The Rubicon River formed the border between Gaul and the Roman Republic. According to legend, even when Caesar got to the river with his army, he had still not made up his mind about what he would do. With the famous phrase Alea iacta est, or “the die is cast,” he decided to cross. The historian Suetonius was born around 70 A.D., more than a century after Caesar crossed the Rubicon. He published a history of 12 Roman emperors, beginning with Caesar. Suetonius wrote: “Overtaking his cohorts at the river Rubicon, which was the boundary of his province, he paused for a while, and realizing what a step he was taking, he turned to those about him and said: ‘Even yet we may draw back; but once cross yon little bridge, and the whole issue is with the sword.’ As he stood in doubt, this sign was given him. On a sudden there appeared hard by a being of wondrous stature and beauty, who sat and played upon a reed; and when not only the shepherds flocked to hear him, but many of the soldiers left their posts, and among them some of the trumpeters, the apparition snatched a trumpet from one of them, rushed to the river, and sounding the war-note with mighty blast, strode to the opposite bank. Then Caesar cried: ‘Take we the course which the signs of the gods and the false dealing of our foes point out. The die is cast,’ said he. Accordingly, crossing with his army, and welcoming the tribunes of the commons, who had come to him after being driven from Rome, he harangued the soldiers with tears, and rending his robe from his breast besought their faithful service.” With Caesar’s crossing of the Rubicon, the Roman Republic was thrown into civil war. Eventually, Caesar defeated Pompey and his allies and emerged as the winner. As emperor, he made some radical changes in government. He decreased the power of the provinces, and centralized power in Rome. He eliminated much of the government’s debt, disbanded powerful guilds, and rewarded people for having children in an effort to increase Rome’s population. He set a term limit on governors, launched a huge rebuilding effort, established a police force, and modified the calendar. He made himself incredibly powerful and demanded that everyone revere him as part-deity. Despite all he did and his huge legacy, Caesar’s reign as emperor was short. He crossed the Rubicon in 49 B.C., and he was assassinated in 44 B.C.
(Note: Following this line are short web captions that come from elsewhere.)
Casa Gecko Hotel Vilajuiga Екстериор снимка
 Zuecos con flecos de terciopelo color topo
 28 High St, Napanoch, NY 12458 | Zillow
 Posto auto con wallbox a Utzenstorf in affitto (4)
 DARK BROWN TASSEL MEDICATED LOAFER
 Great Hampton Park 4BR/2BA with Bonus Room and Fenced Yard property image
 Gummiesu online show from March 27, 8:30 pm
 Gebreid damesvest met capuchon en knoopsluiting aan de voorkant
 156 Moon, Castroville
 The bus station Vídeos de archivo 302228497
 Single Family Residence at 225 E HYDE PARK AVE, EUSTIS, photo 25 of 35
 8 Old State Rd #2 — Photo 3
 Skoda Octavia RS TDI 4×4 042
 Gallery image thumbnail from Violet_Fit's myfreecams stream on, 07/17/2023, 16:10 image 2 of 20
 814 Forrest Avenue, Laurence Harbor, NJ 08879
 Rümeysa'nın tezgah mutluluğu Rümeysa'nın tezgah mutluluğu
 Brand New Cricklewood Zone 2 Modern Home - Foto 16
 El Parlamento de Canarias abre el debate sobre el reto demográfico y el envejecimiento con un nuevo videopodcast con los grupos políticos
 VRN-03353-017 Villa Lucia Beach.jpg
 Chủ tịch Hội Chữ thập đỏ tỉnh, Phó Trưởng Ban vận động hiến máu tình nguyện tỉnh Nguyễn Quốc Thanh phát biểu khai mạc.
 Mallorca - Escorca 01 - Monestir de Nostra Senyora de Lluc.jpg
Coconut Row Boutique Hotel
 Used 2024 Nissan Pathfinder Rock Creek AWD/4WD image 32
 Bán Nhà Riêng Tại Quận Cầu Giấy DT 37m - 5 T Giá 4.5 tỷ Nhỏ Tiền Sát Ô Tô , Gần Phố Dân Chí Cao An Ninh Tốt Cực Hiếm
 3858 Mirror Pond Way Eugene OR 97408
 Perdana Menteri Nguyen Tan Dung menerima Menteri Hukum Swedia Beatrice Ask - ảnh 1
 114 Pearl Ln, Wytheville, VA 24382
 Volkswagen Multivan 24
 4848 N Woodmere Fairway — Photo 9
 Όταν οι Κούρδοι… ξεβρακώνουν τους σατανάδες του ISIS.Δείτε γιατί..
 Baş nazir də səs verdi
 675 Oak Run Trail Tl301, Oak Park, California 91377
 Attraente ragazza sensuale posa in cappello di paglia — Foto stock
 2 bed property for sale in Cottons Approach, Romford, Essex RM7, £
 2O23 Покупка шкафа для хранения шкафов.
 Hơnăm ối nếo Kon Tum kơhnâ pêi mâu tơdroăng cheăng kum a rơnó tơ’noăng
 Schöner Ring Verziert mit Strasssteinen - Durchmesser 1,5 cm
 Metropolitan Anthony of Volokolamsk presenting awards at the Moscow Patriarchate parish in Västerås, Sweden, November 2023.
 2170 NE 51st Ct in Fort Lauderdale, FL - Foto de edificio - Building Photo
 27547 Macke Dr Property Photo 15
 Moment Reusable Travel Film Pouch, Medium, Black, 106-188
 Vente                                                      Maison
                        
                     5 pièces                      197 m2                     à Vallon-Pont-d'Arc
Because of Caesar, the phrase “crossing the Rubicon” has entered popular culture, meaning “past the point of no return.” And it is used in all sorts of contexts. In various articles written last fall, Google was “crossing the Rubicon” for the online shopping industry by making it possible for shoppers to see which local stores carry the products they want, in their store, at that very moment; Subaru was “crossing the Rubicon to sedan-hood” with its switch away from a hatchback for one of its models; Joe Biden said, “I crossed the Rubicon about not being president and being vice president when I decided to take this office.” Rubicon is the name of a recently terminated conspiracy thriller TV show, and Crossing the Rubicon is the title of an album by the Swedish band The Sounds. The Supreme Court justice Anthony Kennedy said, “Sometimes you don’t know if you’re Caesar about to cross the Rubicon or Captain Queeg cutting your own tow line.”